===== EXERCISE MATERIAL =====
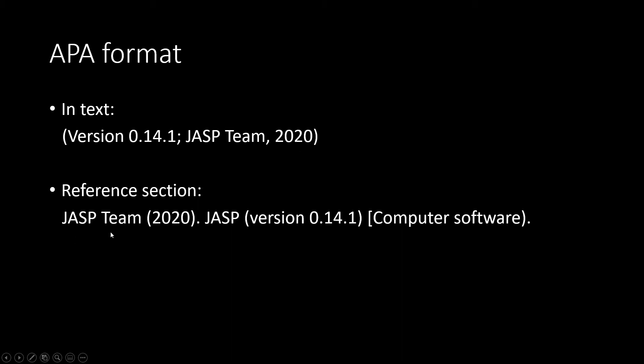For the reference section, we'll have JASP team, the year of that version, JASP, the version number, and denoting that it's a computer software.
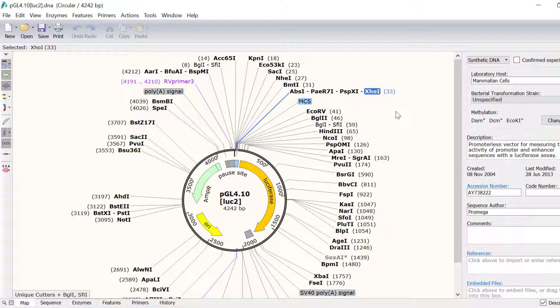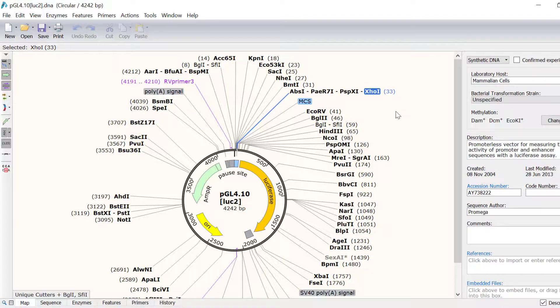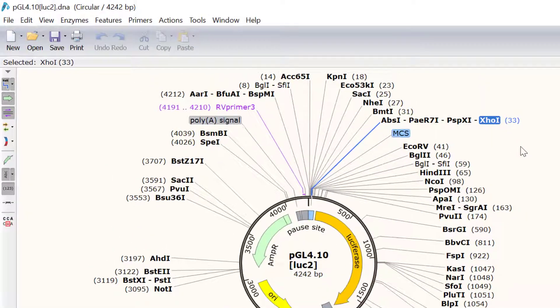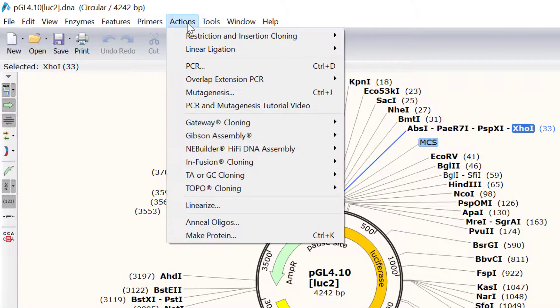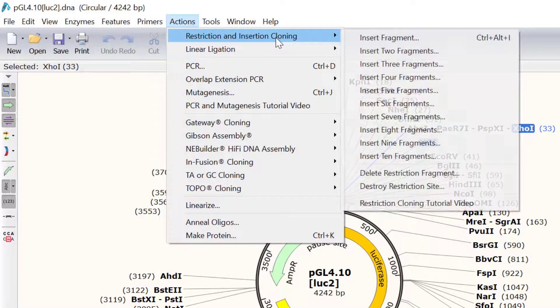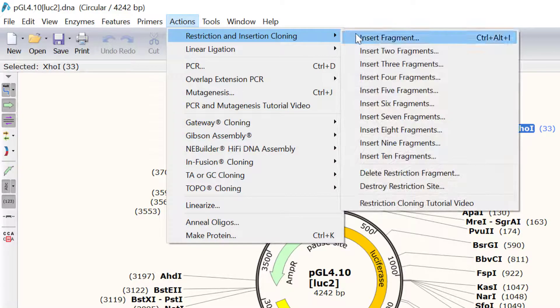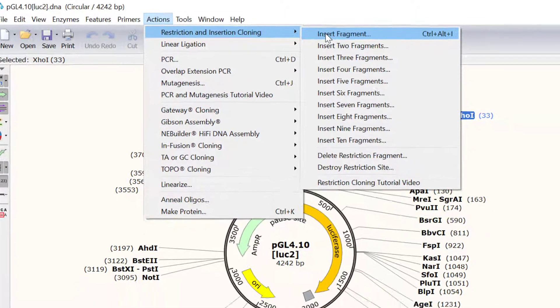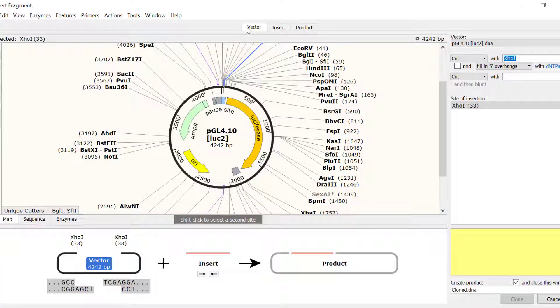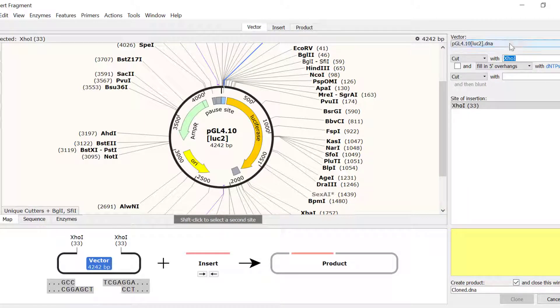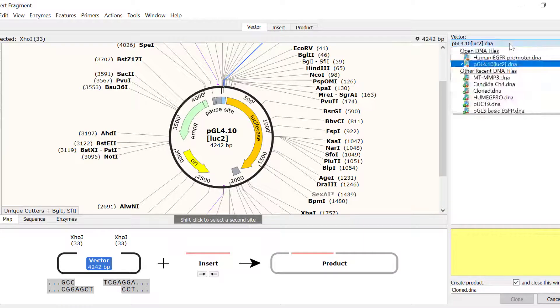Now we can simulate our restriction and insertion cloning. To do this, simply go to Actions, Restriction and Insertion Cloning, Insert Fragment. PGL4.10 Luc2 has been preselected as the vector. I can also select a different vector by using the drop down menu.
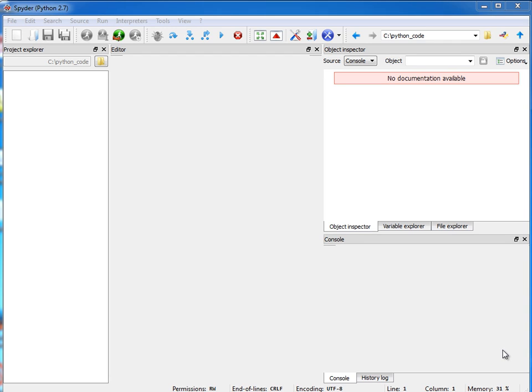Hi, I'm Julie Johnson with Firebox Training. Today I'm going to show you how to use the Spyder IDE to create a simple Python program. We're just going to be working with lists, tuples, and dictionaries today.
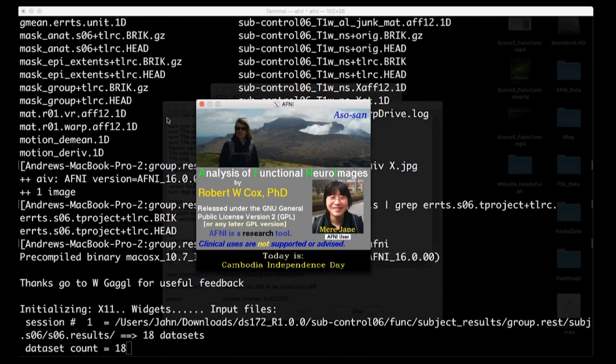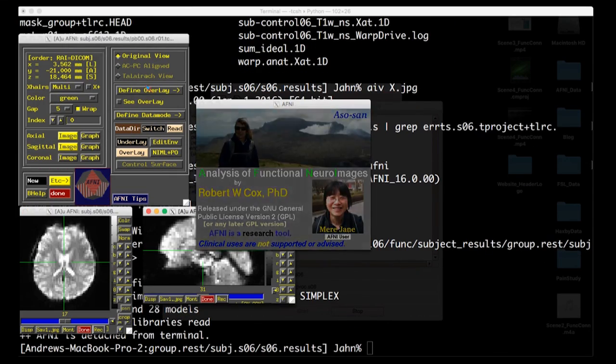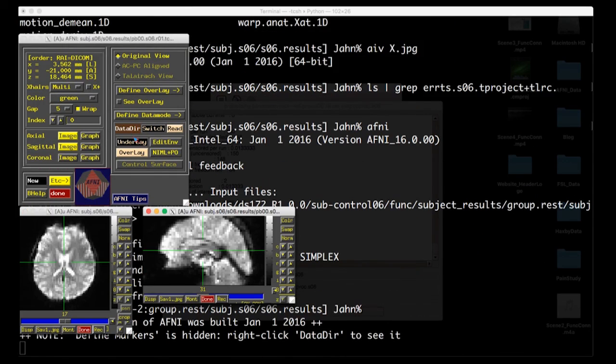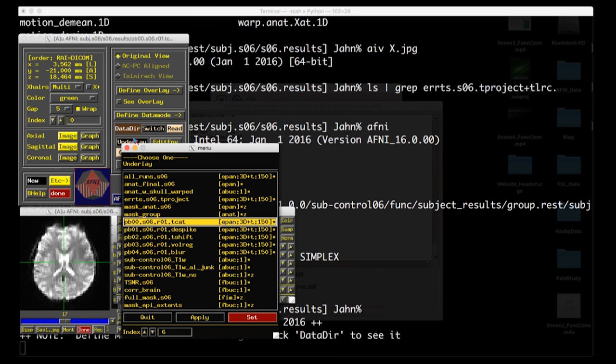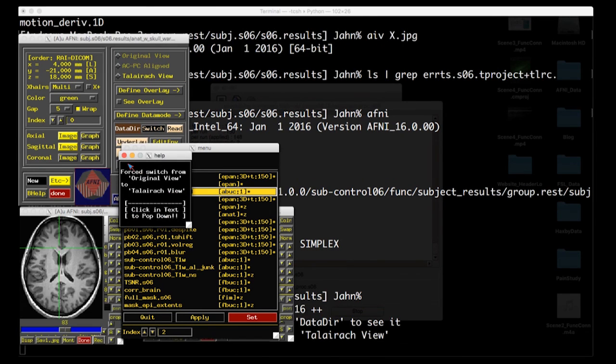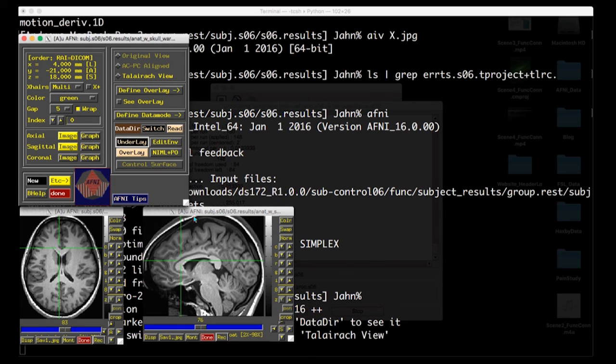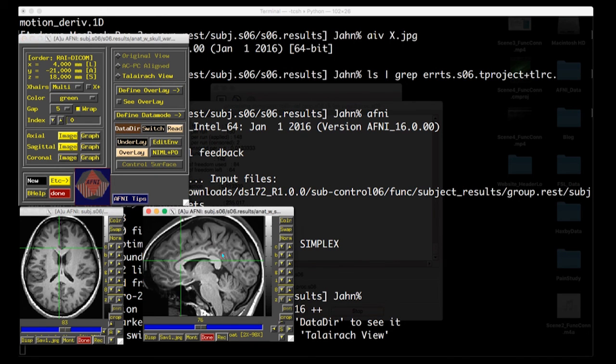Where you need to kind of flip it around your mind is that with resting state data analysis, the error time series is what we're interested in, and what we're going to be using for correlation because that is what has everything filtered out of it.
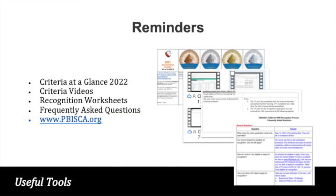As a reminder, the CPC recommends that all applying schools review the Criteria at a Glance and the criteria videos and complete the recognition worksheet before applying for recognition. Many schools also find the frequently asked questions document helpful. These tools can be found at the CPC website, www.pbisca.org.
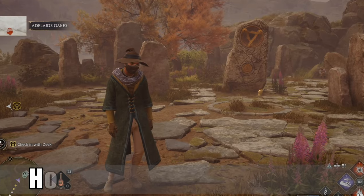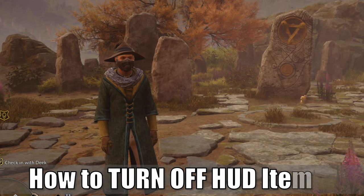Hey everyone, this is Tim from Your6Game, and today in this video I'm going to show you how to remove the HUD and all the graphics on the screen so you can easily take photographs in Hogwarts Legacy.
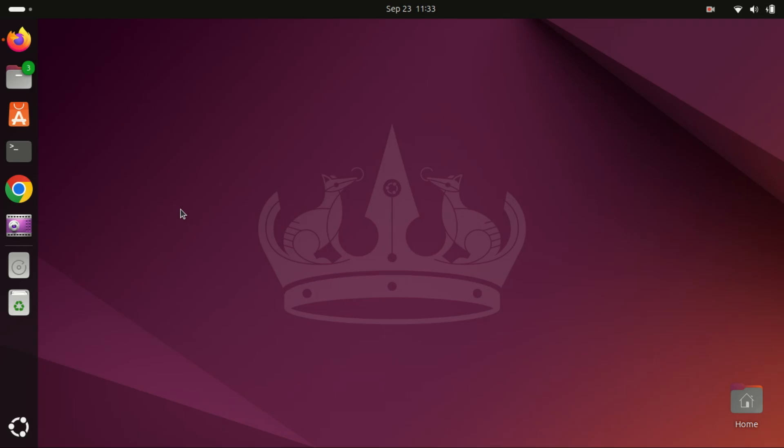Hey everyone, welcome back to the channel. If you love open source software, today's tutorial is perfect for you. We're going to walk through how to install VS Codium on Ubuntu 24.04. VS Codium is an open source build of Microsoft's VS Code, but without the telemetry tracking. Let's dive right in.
=====
**TASK OBJECTIVE**.
In transcribing the listing, keep each word as it is and drop the pictures.

**WRITTEN ANSWER**.
For the reference section, we'll have JASP team, the year of that version, JASP, the version number, and denoting that it's a computer software.
Now we can simulate our restriction and insertion cloning. To do this, simply go to Actions, Restriction and Insertion Cloning, Insert Fragment. PGL4.10 Luc2 has been preselected as the vector. I can also select a different vector by using the drop down menu.
Hi, I'm Julie Johnson with Firebox Training. Today I'm going to show you how to use the Spyder IDE to create a simple Python program. We're just going to be working with lists, tuples, and dictionaries today.
Where you need to kind of flip it around your mind is that with resting state data analysis, the error time series is what we're interested in, and what we're going to be using for correlation because that is what has everything filtered out of it.
As a reminder, the CPC recommends that all applying schools review the Criteria at a Glance and the criteria videos and complete the recognition worksheet before applying for recognition. Many schools also find the frequently asked questions document helpful. These tools can be found at the CPC website, www.pbisca.org.
Hey everyone, this is Tim from Your6Game, and today in this video I'm going to show you how to remove the HUD and all the graphics on the screen so you can easily take photographs in Hogwarts Legacy.
Hey everyone, welcome back to the channel. If you love open source software, today's tutorial is perfect for you. We're going to walk through how to install VS Codium on Ubuntu 24.04. VS Codium is an open source build of Microsoft's VS Code, but without the telemetry tracking. Let's dive right in.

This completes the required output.